▸ **What to produce**:
Word for word, copy out the data below, omitting pictures.

>>>>

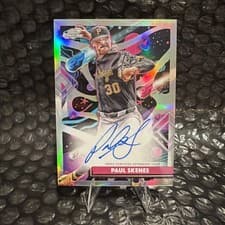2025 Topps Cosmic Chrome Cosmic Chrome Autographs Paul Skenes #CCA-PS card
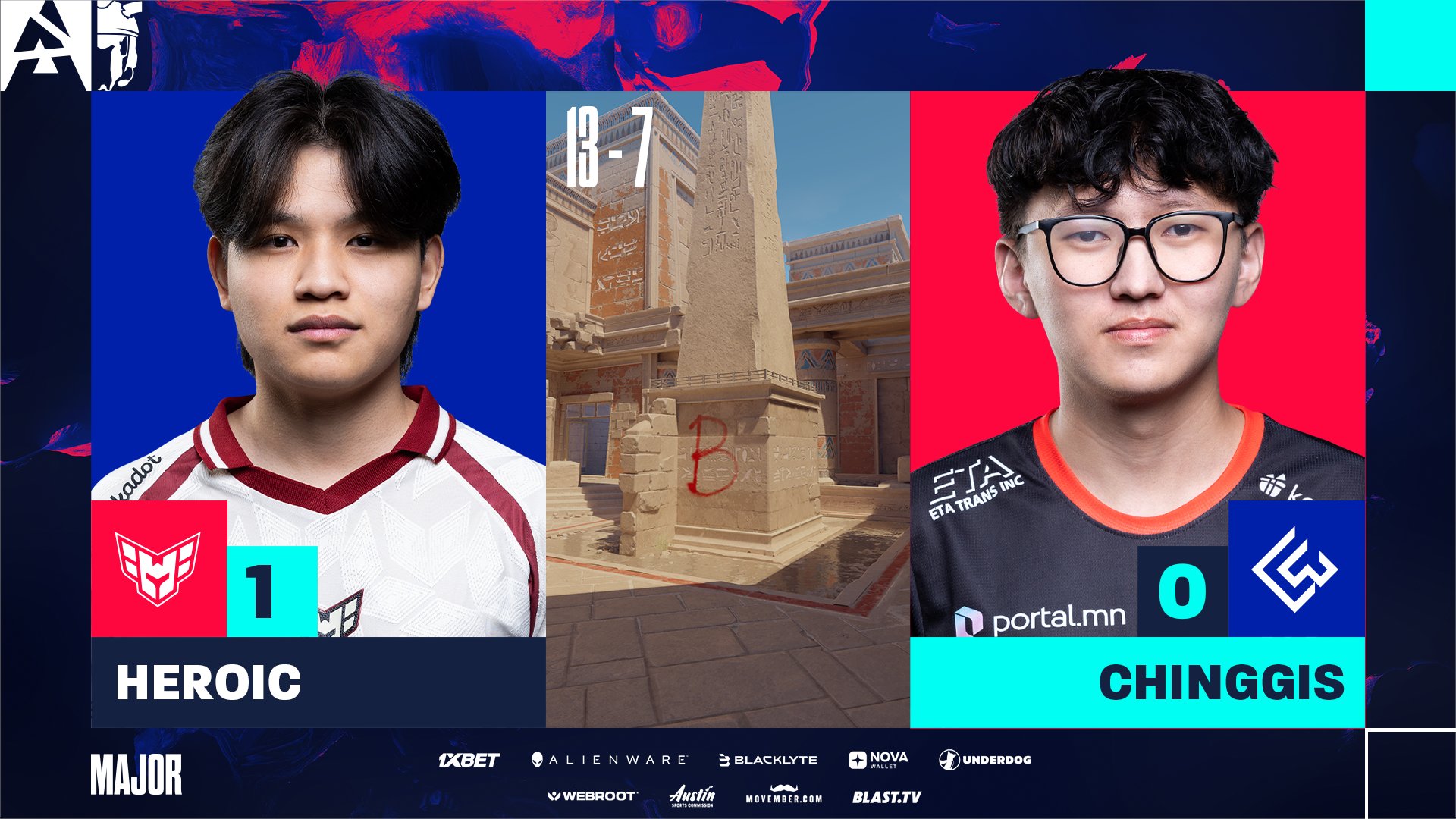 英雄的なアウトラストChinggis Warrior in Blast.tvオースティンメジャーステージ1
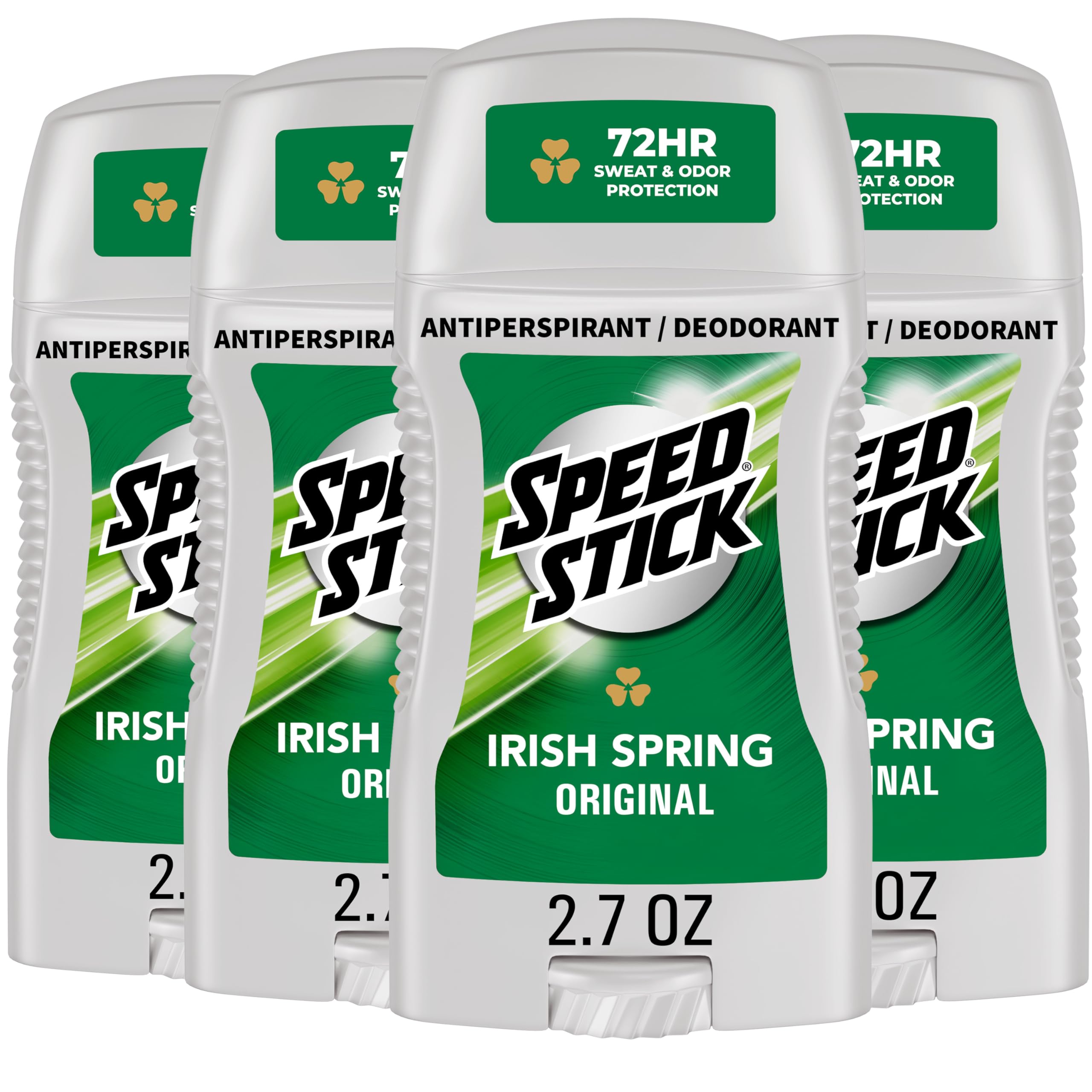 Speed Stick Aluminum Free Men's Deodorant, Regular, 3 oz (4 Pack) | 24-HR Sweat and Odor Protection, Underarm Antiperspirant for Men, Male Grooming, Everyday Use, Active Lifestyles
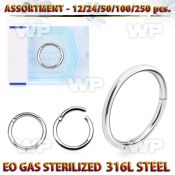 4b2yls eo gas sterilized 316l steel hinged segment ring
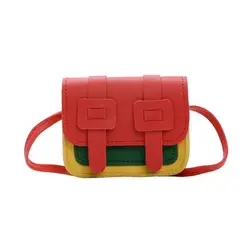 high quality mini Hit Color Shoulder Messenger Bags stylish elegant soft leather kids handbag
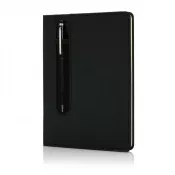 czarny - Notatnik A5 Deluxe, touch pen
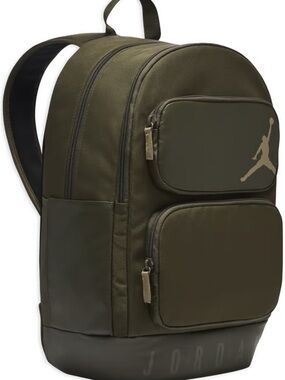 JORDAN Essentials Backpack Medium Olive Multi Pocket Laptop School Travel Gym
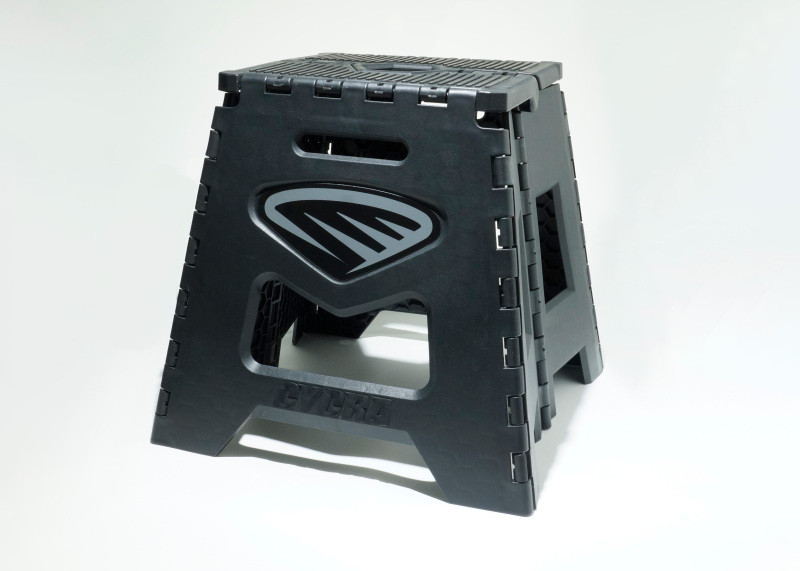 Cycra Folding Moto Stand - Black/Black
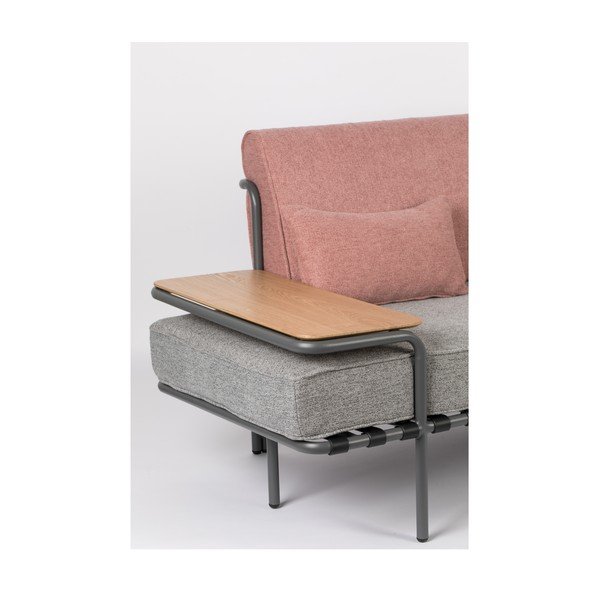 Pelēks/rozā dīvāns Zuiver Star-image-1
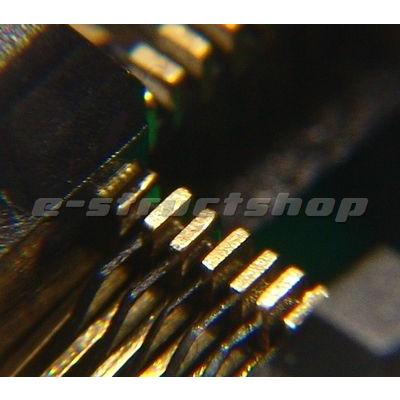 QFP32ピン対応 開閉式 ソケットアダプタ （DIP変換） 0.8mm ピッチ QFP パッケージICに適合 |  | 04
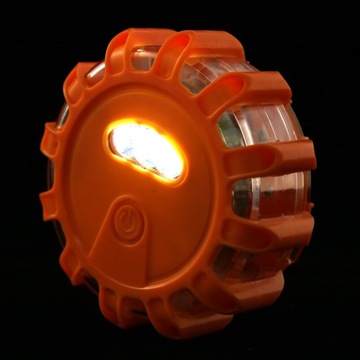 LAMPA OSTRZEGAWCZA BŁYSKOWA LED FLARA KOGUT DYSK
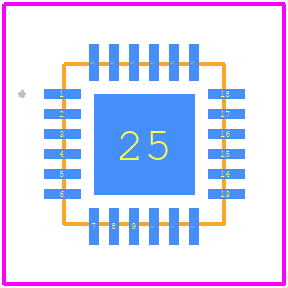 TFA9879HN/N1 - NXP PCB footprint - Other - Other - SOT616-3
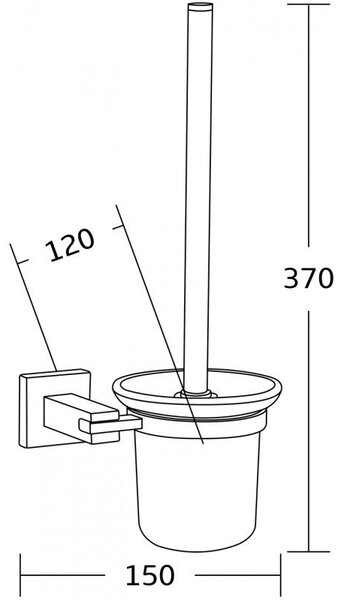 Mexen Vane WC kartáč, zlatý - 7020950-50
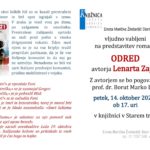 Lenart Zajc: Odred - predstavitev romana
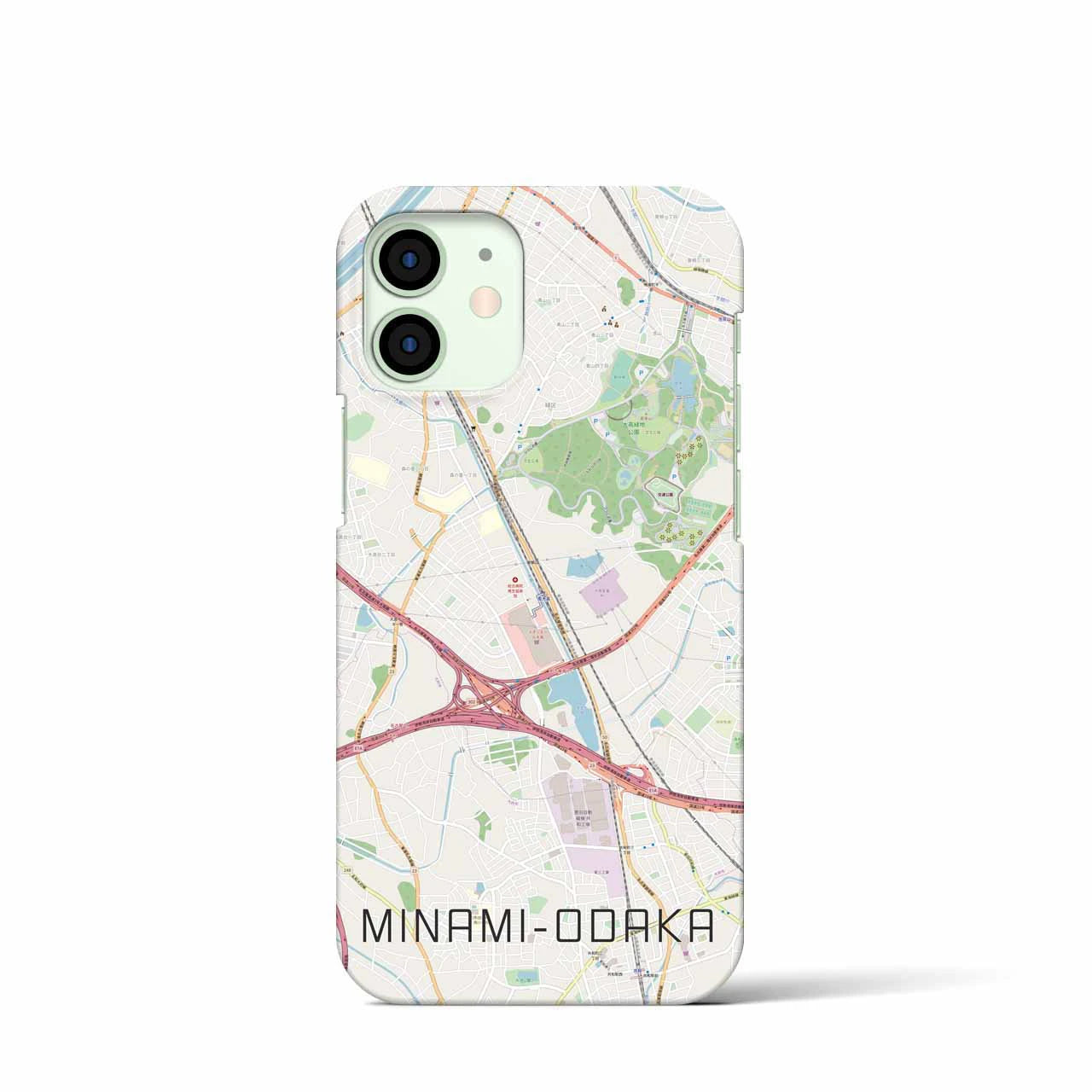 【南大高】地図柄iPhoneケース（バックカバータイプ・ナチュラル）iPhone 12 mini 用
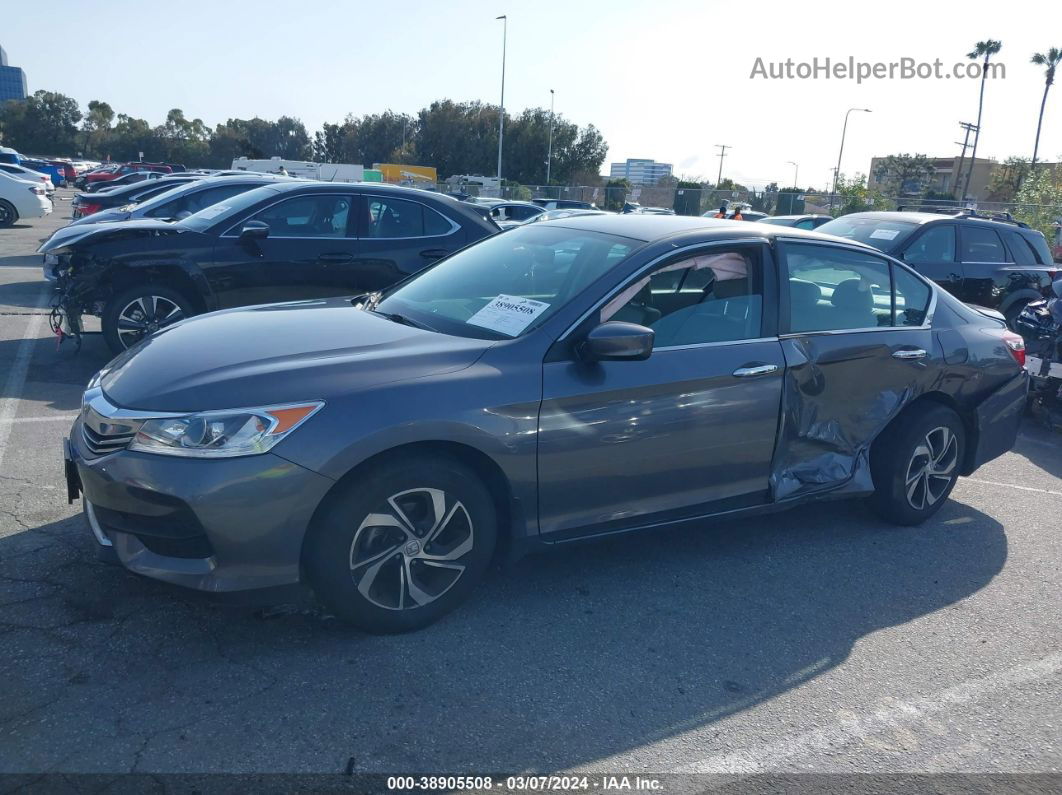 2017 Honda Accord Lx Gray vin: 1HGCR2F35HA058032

<<<<

▸ **Completed exercise**:
2025 Topps Cosmic Chrome Cosmic Chrome Autographs Paul Skenes #CCA-PS card
 英雄的なアウトラストChinggis Warrior in Blast.tvオースティンメジャーステージ1
 Speed Stick Aluminum Free Men's Deodorant, Regular, 3 oz (4 Pack) | 24-HR Sweat and Odor Protection, Underarm Antiperspirant for Men, Male Grooming, Everyday Use, Active Lifestyles
 4b2yls eo gas sterilized 316l steel hinged segment ring
 high quality mini Hit Color Shoulder Messenger Bags stylish elegant soft leather kids handbag
 czarny - Notatnik A5 Deluxe, touch pen
 JORDAN Essentials Backpack Medium Olive Multi Pocket Laptop School Travel Gym
 Cycra Folding Moto Stand - Black/Black
 Pelēks/rozā dīvāns Zuiver Star-image-1
 QFP32ピン対応 開閉式 ソケットアダプタ （DIP変換） 0.8mm ピッチ QFP パッケージICに適合 |  | 04
 LAMPA OSTRZEGAWCZA BŁYSKOWA LED FLARA KOGUT DYSK
 TFA9879HN/N1 - NXP PCB footprint - Other - Other - SOT616-3
 Mexen Vane WC kartáč, zlatý - 7020950-50
 Lenart Zajc: Odred - predstavitev romana
 【南大高】地図柄iPhoneケース（バックカバータイプ・ナチュラル）iPhone 12 mini 用
 2017 Honda Accord Lx Gray vin: 1HGCR2F35HA058032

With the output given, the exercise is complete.